WHOM, busiest foreign-language station in the U.S., has broadcast shows in 12 tongues, including Swiss-German and Ukrainian, but until this summer New York's 50,000 Chinese residents had never had a regular show in their own language. The idea was dreamed up by Kang's husband, Louie Chu, proprietor of a small radio and miscellany shop on Bayard Street in Chinatown, and his friend Lyle Stuart, a novelist (God Wears a Bow Tie). Stuart, once on the staff of Variety, had friends in radio and arranged to get the program a tryout on WHOM. It was launched as a 90-minute, once-a-week show earlier this month, and went over big with its highly specialized audience; Mrs. Louie's first offer to play request numbers kept the studio phone ringing constantly. By last week two sponsors had signed up, others were interested, and the partners were planning to put the program on five days a week beginning in September.

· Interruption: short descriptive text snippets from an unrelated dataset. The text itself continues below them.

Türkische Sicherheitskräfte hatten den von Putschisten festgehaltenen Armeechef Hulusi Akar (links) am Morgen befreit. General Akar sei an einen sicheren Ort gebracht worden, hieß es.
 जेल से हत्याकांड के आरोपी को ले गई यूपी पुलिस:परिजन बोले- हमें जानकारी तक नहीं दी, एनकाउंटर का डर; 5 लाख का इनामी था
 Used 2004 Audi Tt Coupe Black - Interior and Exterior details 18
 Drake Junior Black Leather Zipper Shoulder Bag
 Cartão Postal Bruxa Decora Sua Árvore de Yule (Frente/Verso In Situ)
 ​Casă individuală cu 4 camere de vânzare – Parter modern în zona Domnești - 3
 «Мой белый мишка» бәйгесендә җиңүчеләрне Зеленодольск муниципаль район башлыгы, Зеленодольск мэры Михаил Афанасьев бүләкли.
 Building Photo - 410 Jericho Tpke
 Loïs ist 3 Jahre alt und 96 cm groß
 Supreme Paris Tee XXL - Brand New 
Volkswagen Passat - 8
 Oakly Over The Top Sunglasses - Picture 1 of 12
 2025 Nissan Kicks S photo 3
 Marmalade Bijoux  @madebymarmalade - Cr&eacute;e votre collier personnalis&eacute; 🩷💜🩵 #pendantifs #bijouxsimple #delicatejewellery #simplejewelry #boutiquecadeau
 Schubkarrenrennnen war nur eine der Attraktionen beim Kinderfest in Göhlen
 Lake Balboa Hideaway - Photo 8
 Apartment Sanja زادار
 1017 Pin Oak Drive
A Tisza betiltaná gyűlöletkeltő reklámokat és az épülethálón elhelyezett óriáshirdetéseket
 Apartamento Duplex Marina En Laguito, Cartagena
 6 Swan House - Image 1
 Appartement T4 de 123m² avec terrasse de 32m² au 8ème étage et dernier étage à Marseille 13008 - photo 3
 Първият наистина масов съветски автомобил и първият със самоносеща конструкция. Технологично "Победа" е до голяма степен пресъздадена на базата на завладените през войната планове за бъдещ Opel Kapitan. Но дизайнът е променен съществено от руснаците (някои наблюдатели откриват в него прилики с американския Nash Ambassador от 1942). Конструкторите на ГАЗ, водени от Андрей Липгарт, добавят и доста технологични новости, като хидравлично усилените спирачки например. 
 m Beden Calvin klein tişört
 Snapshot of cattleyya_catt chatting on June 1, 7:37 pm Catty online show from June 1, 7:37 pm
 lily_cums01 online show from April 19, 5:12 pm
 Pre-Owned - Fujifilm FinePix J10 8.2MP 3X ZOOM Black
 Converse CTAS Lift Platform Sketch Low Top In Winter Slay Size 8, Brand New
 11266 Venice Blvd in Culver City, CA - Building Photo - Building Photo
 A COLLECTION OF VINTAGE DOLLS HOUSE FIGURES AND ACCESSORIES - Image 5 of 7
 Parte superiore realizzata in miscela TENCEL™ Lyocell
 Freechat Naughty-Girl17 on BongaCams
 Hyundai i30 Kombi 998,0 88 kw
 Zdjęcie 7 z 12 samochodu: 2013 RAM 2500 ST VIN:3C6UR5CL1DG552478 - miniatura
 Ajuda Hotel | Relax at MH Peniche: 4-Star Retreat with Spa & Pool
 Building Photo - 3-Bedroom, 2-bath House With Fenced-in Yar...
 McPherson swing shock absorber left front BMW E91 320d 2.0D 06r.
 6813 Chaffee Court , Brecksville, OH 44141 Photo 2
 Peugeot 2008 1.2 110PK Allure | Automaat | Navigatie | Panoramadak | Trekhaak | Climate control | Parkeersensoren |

Stuart and Louie turned out the first script, and are still writing them together. After they have done a draft in English, Louie translates it to his wife, who cannot speak English, and she transcribes it into Cantonese, understood by 90% of the Chinatown people.
For Mrs. Louie, the show's expansion may mean giving up some of her quiet life as a Chinese housewife, and becoming a career girl. Her only comment on the program was like nothing ever uttered by a disc jockey before: "I hope that I can do better than I am doing now."